Resistance for cocking....

Bill Calfee

Gun Fool
Resistance for cocking....


CYA friends:


All actions, rimfire or centerfire, have to have a method for the cocking piece to have resistance for it to cock, as the bolt handle is lifted.


As the cocking piece rides up the cocking ramp, as the bolt handle is lifted, something has to give resistance to this cocking effort.



In the Turbo action, for example, the resistance for cocking is in the form of the cocking teat being resisted by the clearance slot in the bottom of the tang of the action.


But, there's a RFBR action on the market, that is designed to restrain its threaded bolt shroud, so the resistance for cocking is taken up, not by the clearance slot in the bottom of the tang, like the Turbo, but by the cocking piece bearing against the slot in the bottom of the shroud.



Your friend, Bill Calfee
 
Last edited:
Resistance for cocking

Resistance for cocking


CYA friends:


In a contemporary RFBR action, like the Turbo, or the Swindlehurst or 40-X, or my XP pistols, the resistance for cocking comes from the cocking piece bearing against the clearance slot in the bottom of the tang....

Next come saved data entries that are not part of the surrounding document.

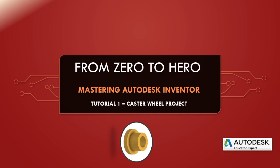Assalamu'alaikum warahmatullahi wabarakatuh. Hello everybody and welcome back to our From Zero to Hero Mastering Autodesk Inventor Tutorial 1. We are working with the caster wheel project.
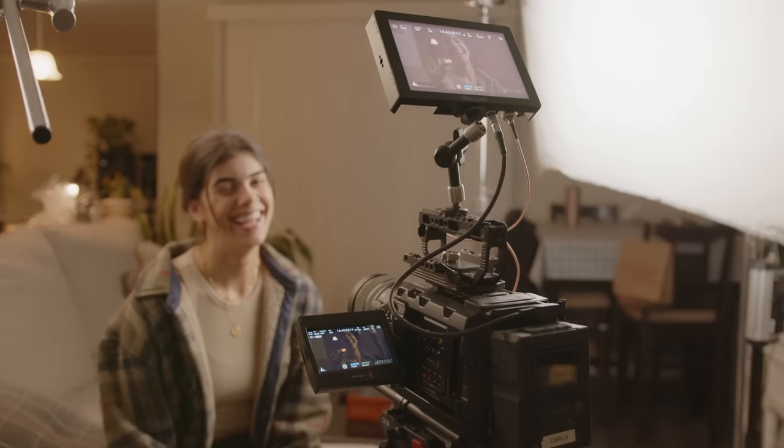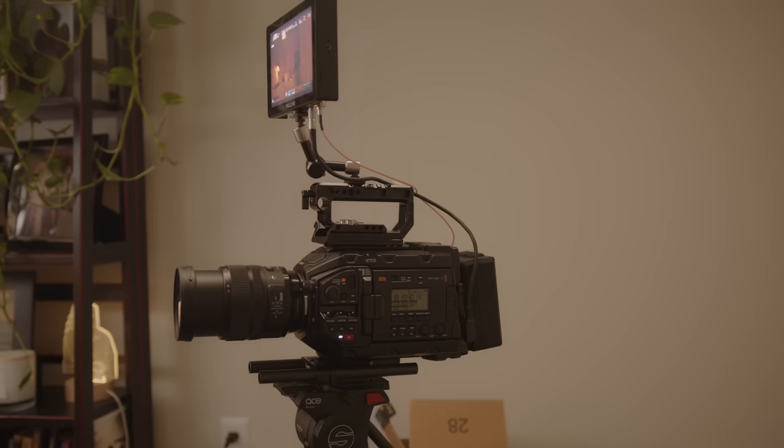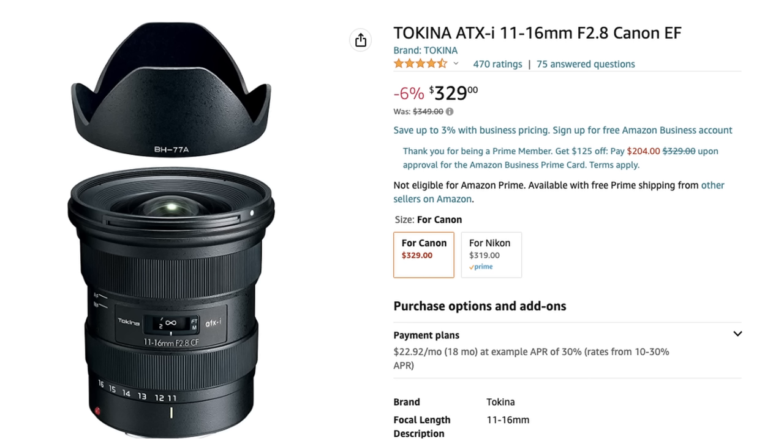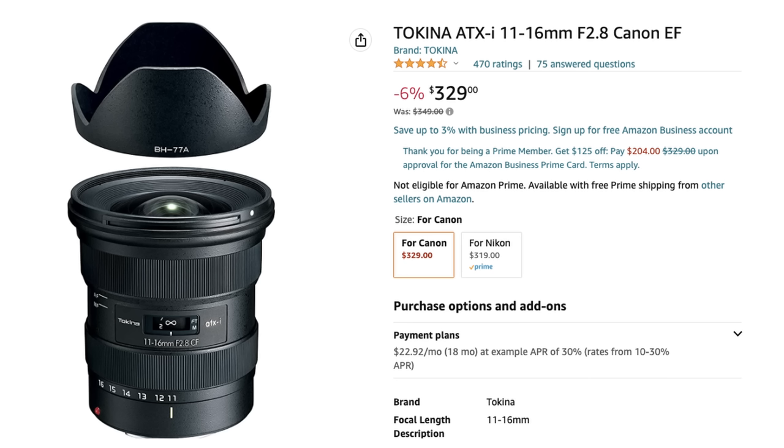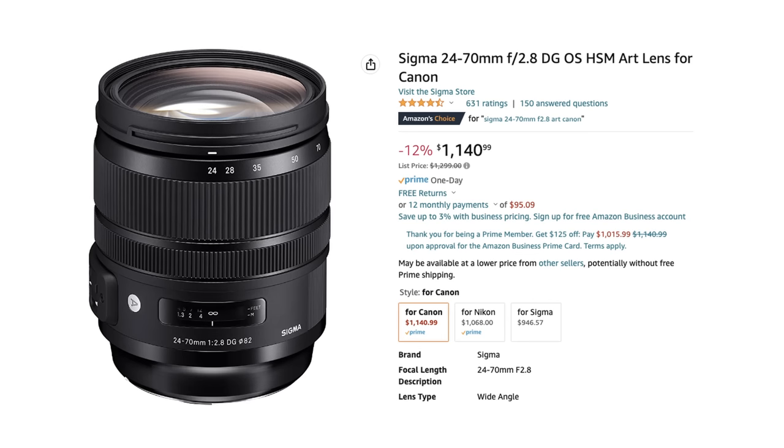I'm using the Blackmagic URSA Mini Pro G2 with three lenses: the Tokina 11-16 EF mount, the Sigma 18-35, and the Sigma 24-70. We're using no filtration, and I set the f-stop to 2.8 throughout all the lenses for the most accurate representation. The goal was to keep the f-stop, framing, and size of her within the frame consistent across each focal length.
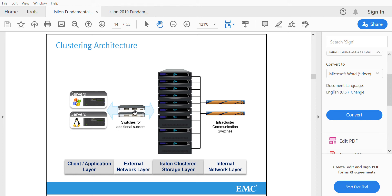These switches will be used to transfer the data between Isilon and the user. Coming to the ports,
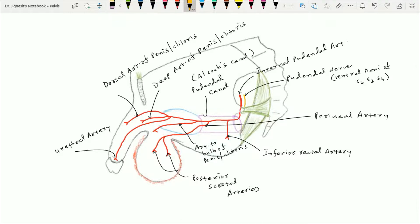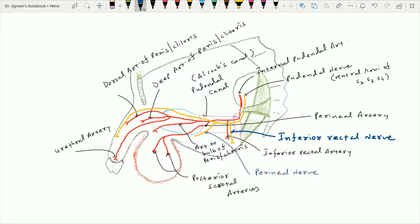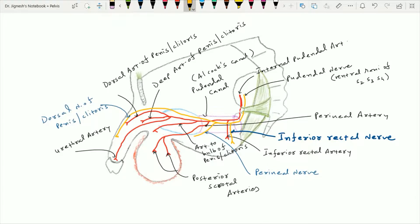The pudendal nerve arises from the ventral rami of S2, S3, and S4. It follows the internal pudendal vessels and also enters within the pudendal canal. Within the pudendal canal, it gives off one branch called the inferior rectal nerve, and after giving the inferior rectal nerve, it divides into two terminal branches: the dorsal nerve of the penis or clitoris, and the perineal nerve. The perineal nerve divides into two branches — superficial and deep.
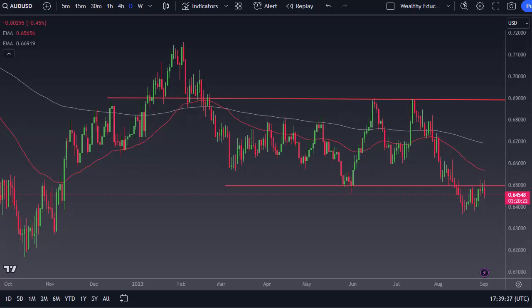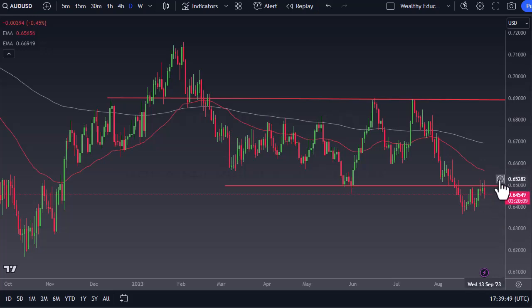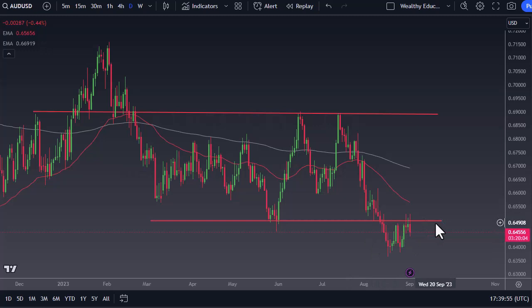From Daily Forex, this is Chris taking a look at the Aussie Dollar. You can see we initially tried to rally a bit during the session here on Friday, but 65 continues to call sellers into the market, and I think at this point we continue to just go back and forth.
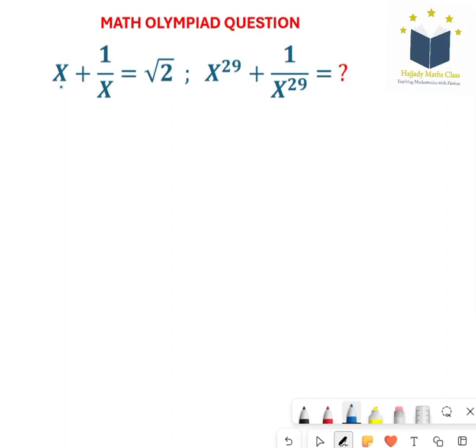Welcome back viewers. Today I will be serving this mind-blowing Olympiad question. Now let's solve the equation on the left hand side before moving to that on the right hand side.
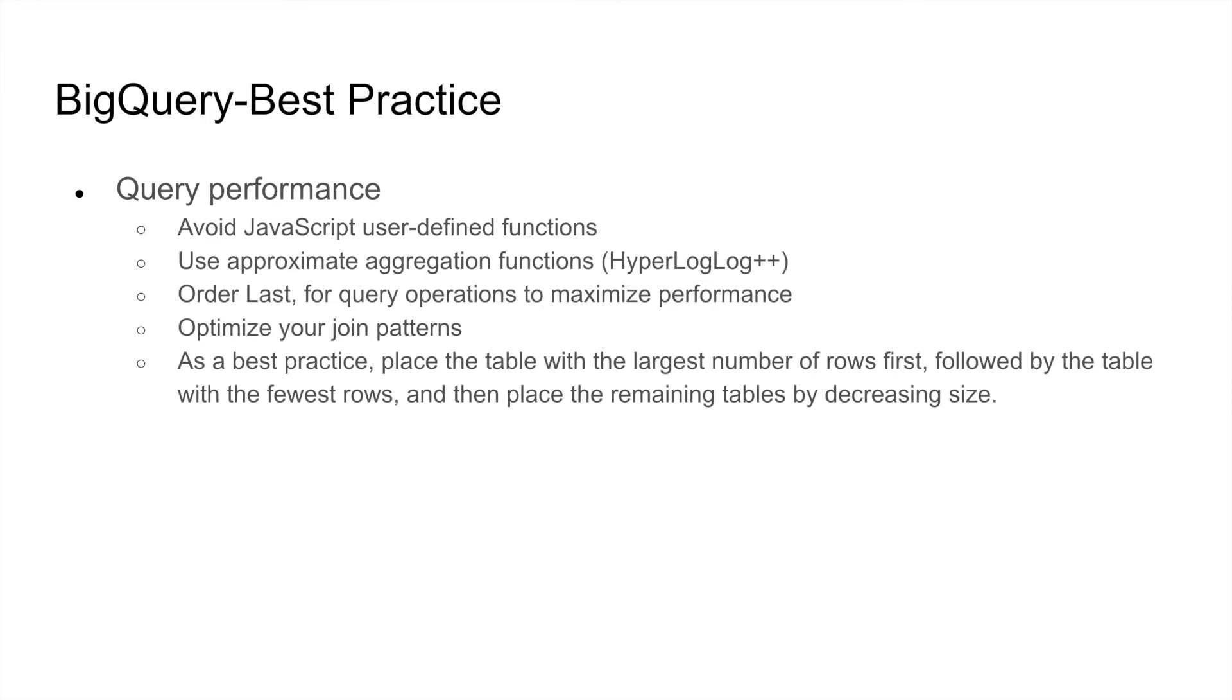Some of the other BigQuery performance practices are to avoid using JavaScript user-defined functions. Use approximation aggregation functions rather than the complete one, such as HyperLogLogPlus. ORDER statements should be the last part of your query to maximize performance.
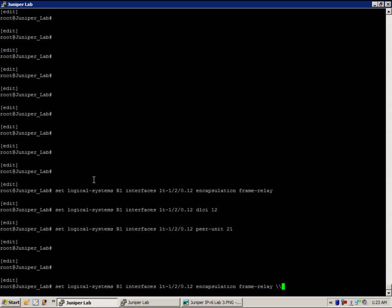Router 2. Let's just do this. We'll start from scratch. Set logical systems R2 interfaces.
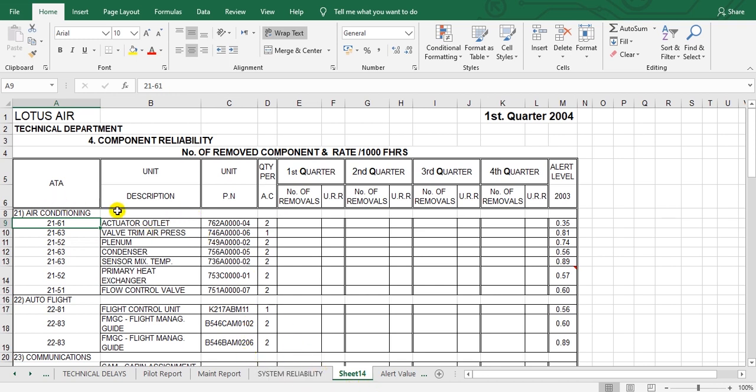Look here - the ATA chapter, the description, the part number of the component, and here how many units of this in the aircraft. And here is the first quarter number of removals, and here the unscheduled removal rate.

As you lift the bolt handle, this resistance to cocking allows the cocking teat to ride up the cocking ramp of the breech bolt...(locking lug collar of the Turbo.)


So in this contemporary example, we have one degree of wear characteristics.




But.................



What if the resistance to cocking was the cocking piece bearing against the clearance slot in the bolt shroud, itself?



Then what kind of wear characteristics will we have?